Last week, we briefly met Erryk—Aegon’s sworn protector—when he informed Alicent about Aegon’s latest mess to clean up (raping one of Helaena’s handmaids). His interaction with the queen highlighted what could very well be a recurring bit: Nobody can tell Arryk and Erryk apart.
But as the duo is tasked with retrieving Aegon from wherever he’s hiding, their difference in thought starts to emerge: Arryk is disgusted by Aegon’s transgression and doesn’t think he’s fit to be king. But he’s also very much the person to point out that they “swore an oath of service until death.” Erryk, however, knows what Aegon is capable of behind closed doors: The king is a rapist, he’d rather be drunk than do any of his duties, and he’s a fan of watching children fight in caged matches (including, the Cargylls remark upon, a very young blond-haired boy who is probably Aegon’s bastard son).

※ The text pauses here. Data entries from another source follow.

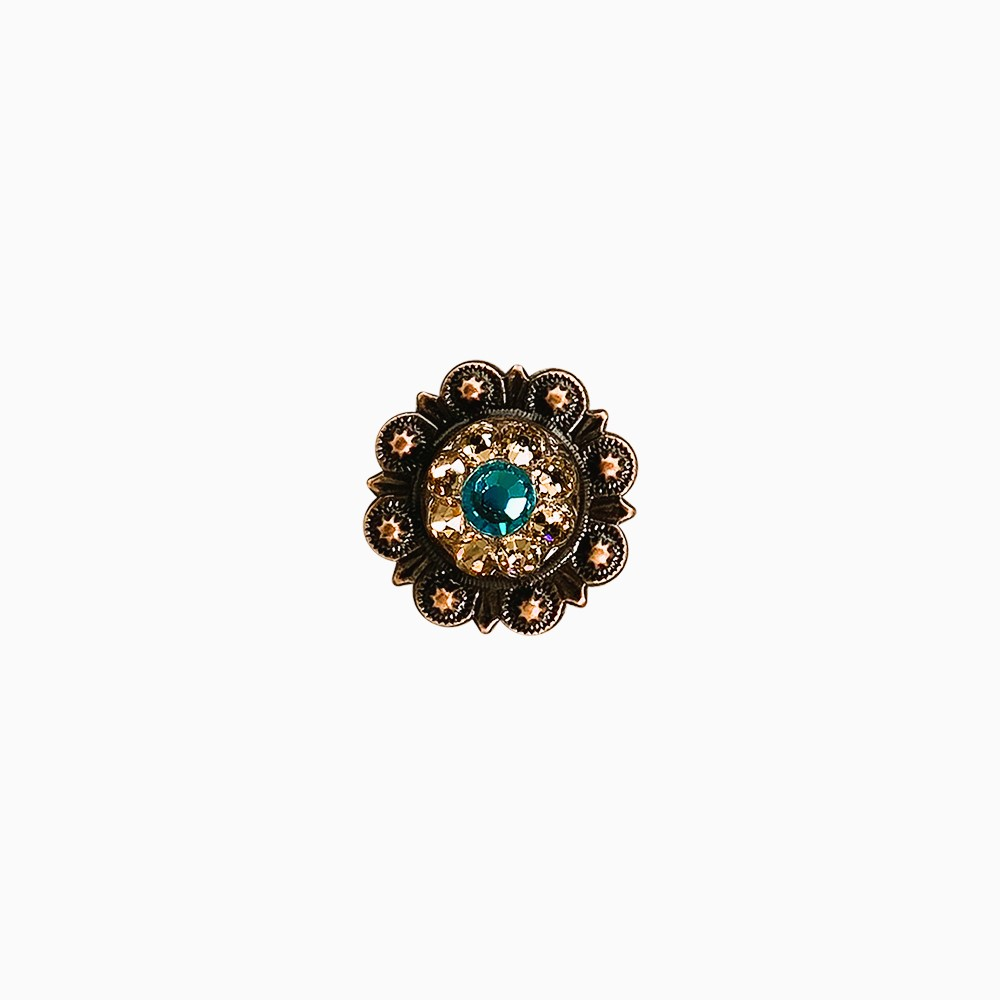 Copper Teal, Champagne Crystal Conchos Sizes from 1"-3" and Buckles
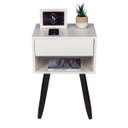 Ver imagem 4 de Kit Mesa de Cabeceira Retro 40cm Pé Palito Marrom Escuro Envio Montada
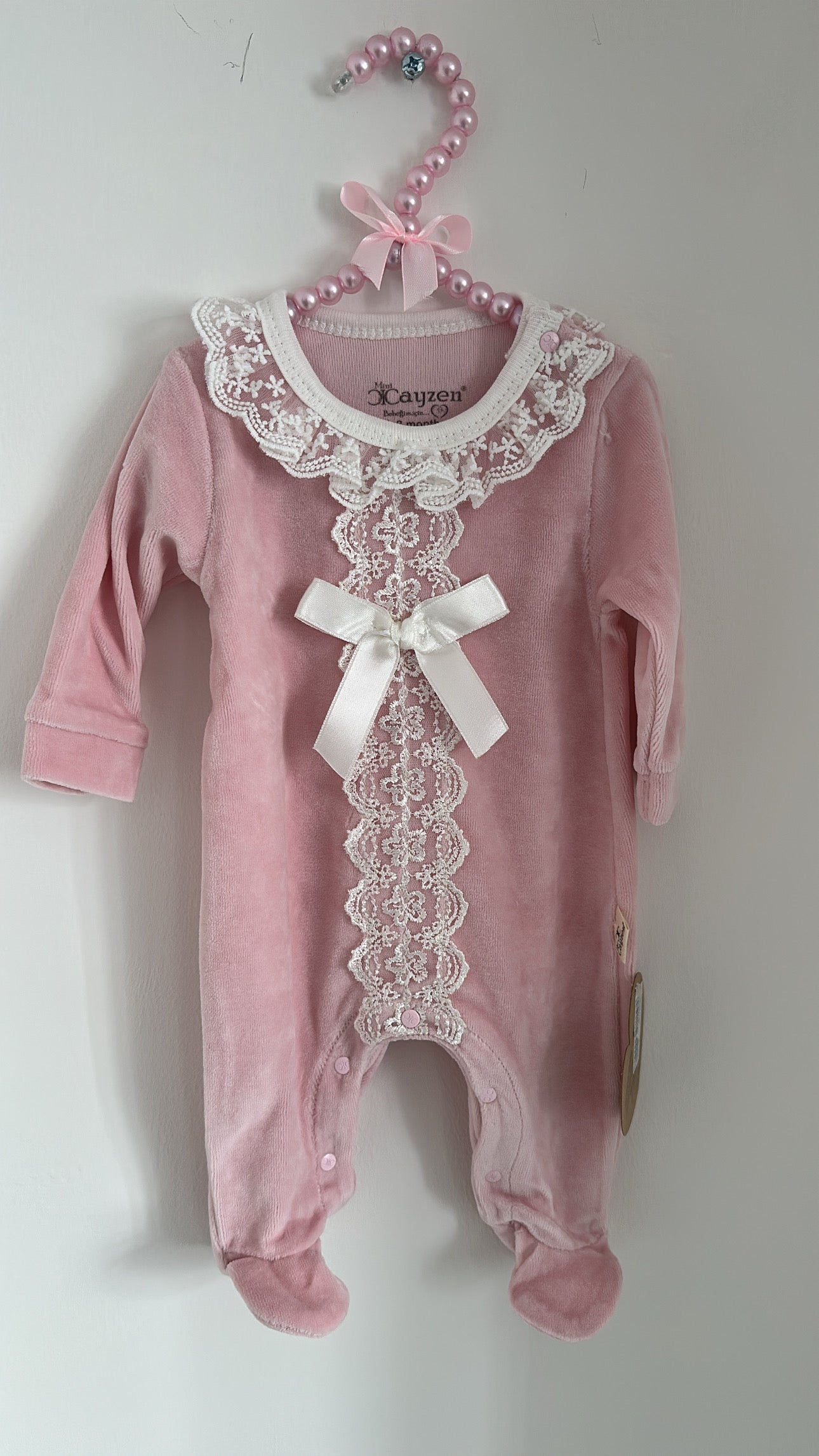 Pink Velour Lace Babygrow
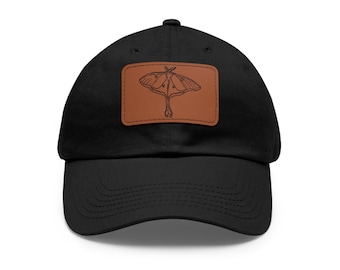 Mystical Luna Moth Rectangle Leather Patch Dad Hat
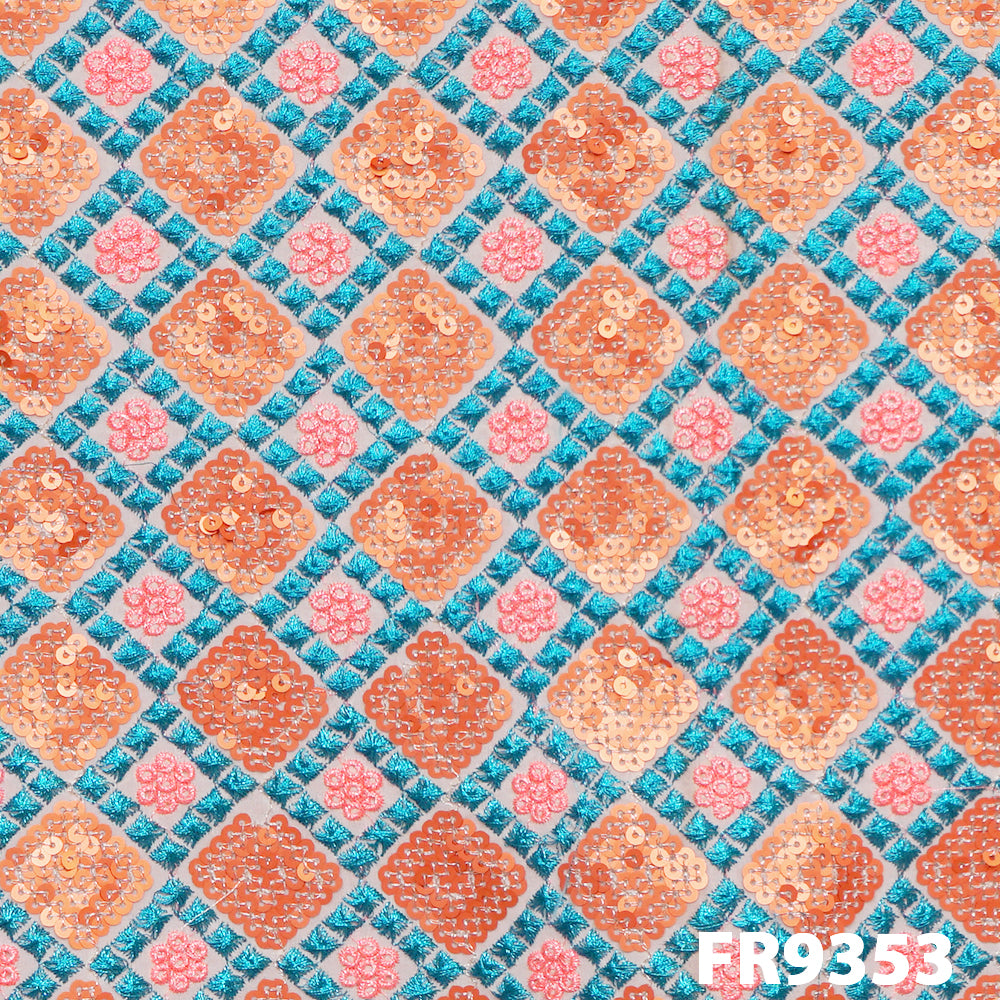 Embroidered Zari Sequins Georgette Fabric-FR9353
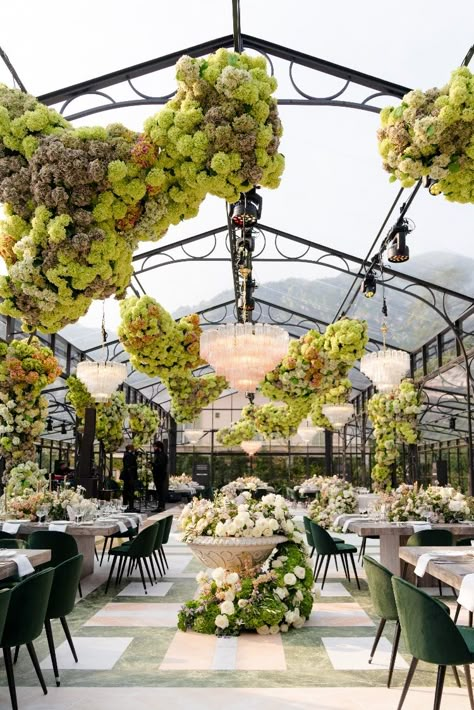 A greenhouse at Villa Balbiano, Lake Como | Floral designer: Larry Walshe | Wedding Planner: The Lake Como Wedding Planner | #wedding #weddingphotographer #lakecomo #larrywalshe #inspiration #reception #weddingreception | BOTTEGA53 Lake Wedding Reception, Corporative Events, Floral Chandelier Wedding, Wedding Ceiling, Wedding Chandelier, Floral Runner, April Wedding, Greenhouse Wedding, Lake Como Wedding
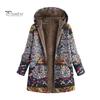 Women Winter Coat Retro Floral Print Hooded Thick Plush Zip-up Heat Retention Long Sleeves Mid Length Pockets Leisure Daily Wear Jacket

By the episode’s end, Aegon’s actions and ascension leave Erryk so uneasy that he frees Rhaenys from house arrest and tries to get her on a boat out of King’s Landing. Rhaenys, however, has different plans.
Aemond just really wants to be king
Should Aegon be king? Probably not. And, what’s even more surprising is that he’s self-aware enough to know that he shouldn’t be king. But dueling searches through the underbelly of King’s Landing—the Cargyll twins for Otto, Criston and Aemond for Alicent—give Aemond the rare chance to voice his royal ambitions. He’s the one who’s studied, trained, and has the world’s biggest dragon.
He wouldn’t have been too bothered if Aegon had turned up dead; when Arryk and Erryk find him, Aemond is almost disappointed his older brother is alive. But before that moment, he almost relished the challenge the Blacks would offer if Aemond overstepped his nephews (from Aegon and Helaena) to ascend the Iron Throne himself.
“We are decent men with no taste for depravity,” Aemond argues. “His secrets are his own. He’s welcome to them. I’m next in line for the throne. Should they come looking for me, I intend to be found.”
But Aegon is found, and he embraces it all eventually. All it takes is Aegon the Conquerer’s crown, the Valyrian steel sword Blackfyre, and an adoring crowd who was forcibly made to attend the coronation for him to do it.
Another dragonrider emerges
Granted, we technically saw Rhaenys fly her dragon Meleys to her son Laenor’s wedding in episode 5. But a wide shot and a close-up, which happens at the end of episode 9, are two very different things.
For much of the season, Rhaenys has been on the sidelines. She’s had plenty of quips and played her hand when it benefited her, but she didn’t usually make a move in court. But we now know that someone other than Corlys has noticed it: Alicent, in trying to appeal to her to bend the knee to Aegon, says what we all know: Rhaenys would’ve been the better ruler.
“You, more than any soul alive, understand what I say now,” Alicent says. “Princess Rhaenys, I loved my husband but I will speak the truth we both know: You should’ve been Queen.”
The moment offers enough of a connection for Rhaenys for her to hesitate and then spare the Greens at Aegon’s coronation. Would it have been easier if she killed them all? Of course, but no matter what character logic we might try to assign, the greater show one remains: If Rhaenys smoked the Greens, we would have a very short show, and we know that George R.R. Martin is aiming for four seasons of HOTD.
No matter what should have happened at that coronation, the war that’s been bubbling for decades is finally here.